Essentially I was worried that my golf shot would suck and I would be embarrassed. Worried about embarrassment = Fear of Shame.
In my business development coaching practice two of the most frequent hurdles I hear about are how to get over the reluctance to contact a centre of influence initially and how to follow up with people who haven’t responded. It seems to me these hurdles exist for the same reasons that my golf sucked yesterday. Fear of Shame.

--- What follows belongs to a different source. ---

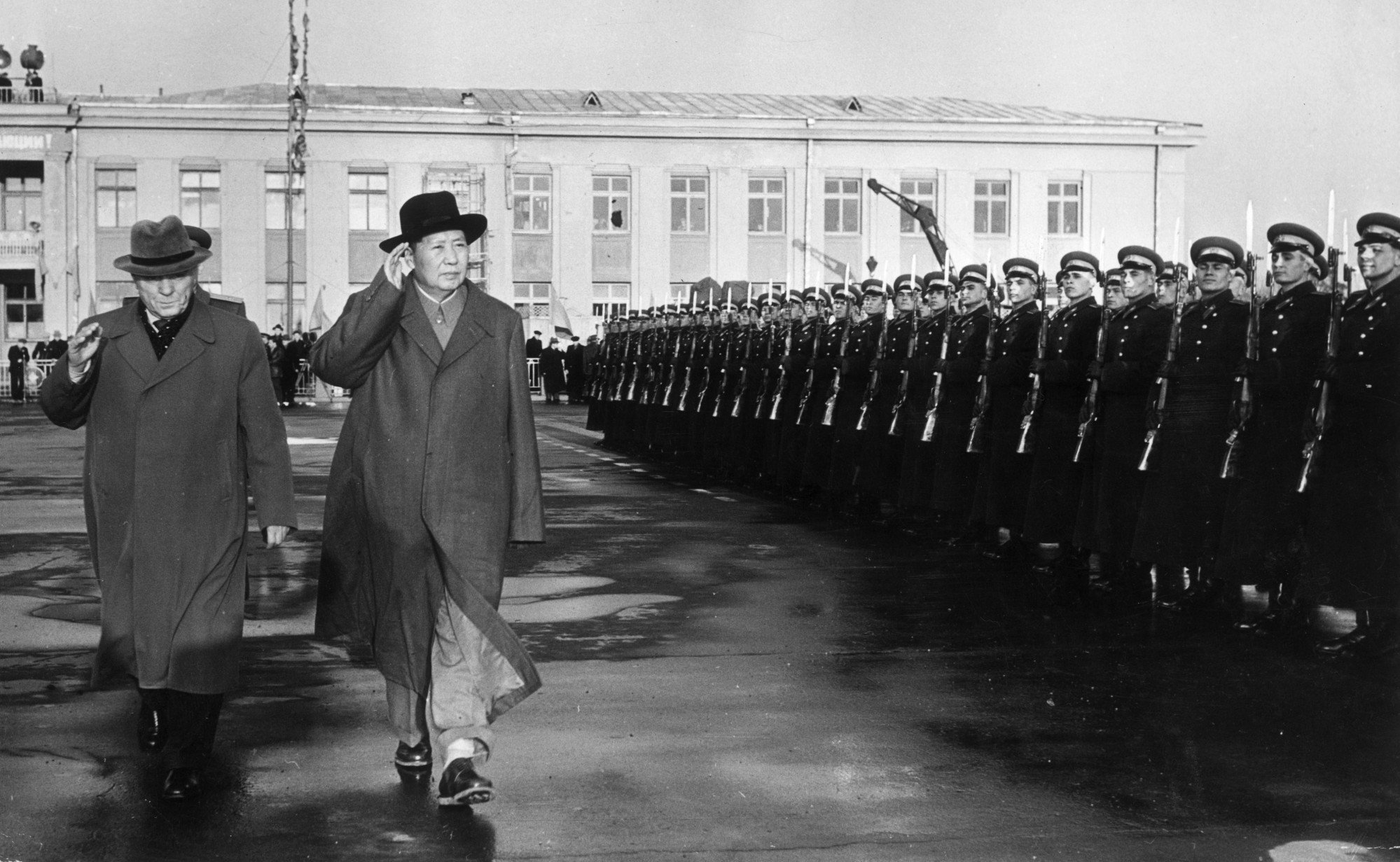 Chinese leader Mao Zedong (right) and Soviet military leader Kliment Yefremovich Voroshilov salute while reviewing an honour guard during Mao’s visit to Moscow in 1957. Photo: Getty Images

Generally, people who market themselves for a living fear rejection. Actually anyone who is selling anything fears rejection. I just think it’s a little worse when you’re the product. And what is rejection. It’s embarrassment leading to a feeling of shame. People hate that feeling and their nature is to avoid it. I know people who don’t get back to me would get back to Brad Pitt if he was calling so my shame is a relative thing. I’m not as important as Brad Pitt [or as good looking], so I get less rewarded and feel less well about myself. Shame.
What to do?
Back to my golf game. I hit rock bottom on the third hole. I couldn’t have been playing worse. The fourth hole was no better. But I persevered. Kept going. Kept swinging. And on the fifth hole I hit a good shot which pumped me up. I started playing better and was my mediocre self for the rest of the round. Good enough.
It was easy for me to persevere. All I had to do was stay there and keep swinging. And it’s the same for my clients. I help them work out something they can easily do [I call it a baby step]. The smaller it is the more likely it will get done.